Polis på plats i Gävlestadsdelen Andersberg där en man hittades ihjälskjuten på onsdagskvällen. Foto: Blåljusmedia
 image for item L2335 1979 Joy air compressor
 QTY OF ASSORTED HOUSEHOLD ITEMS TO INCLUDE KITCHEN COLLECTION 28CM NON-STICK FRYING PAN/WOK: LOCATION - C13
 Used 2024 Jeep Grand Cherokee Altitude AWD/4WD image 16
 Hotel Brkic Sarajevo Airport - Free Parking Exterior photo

TASK GOAL:
Would you output every entry exactly as it was written?

YOUR SOLUTION:
Polis på plats i Gävlestadsdelen Andersberg där en man hittades ihjälskjuten på onsdagskvällen. Foto: Blåljusmedia
 image for item L2335 1979 Joy air compressor
 QTY OF ASSORTED HOUSEHOLD ITEMS TO INCLUDE KITCHEN COLLECTION 28CM NON-STICK FRYING PAN/WOK: LOCATION - C13
 Used 2024 Jeep Grand Cherokee Altitude AWD/4WD image 16
 Hotel Brkic Sarajevo Airport - Free Parking Exterior photo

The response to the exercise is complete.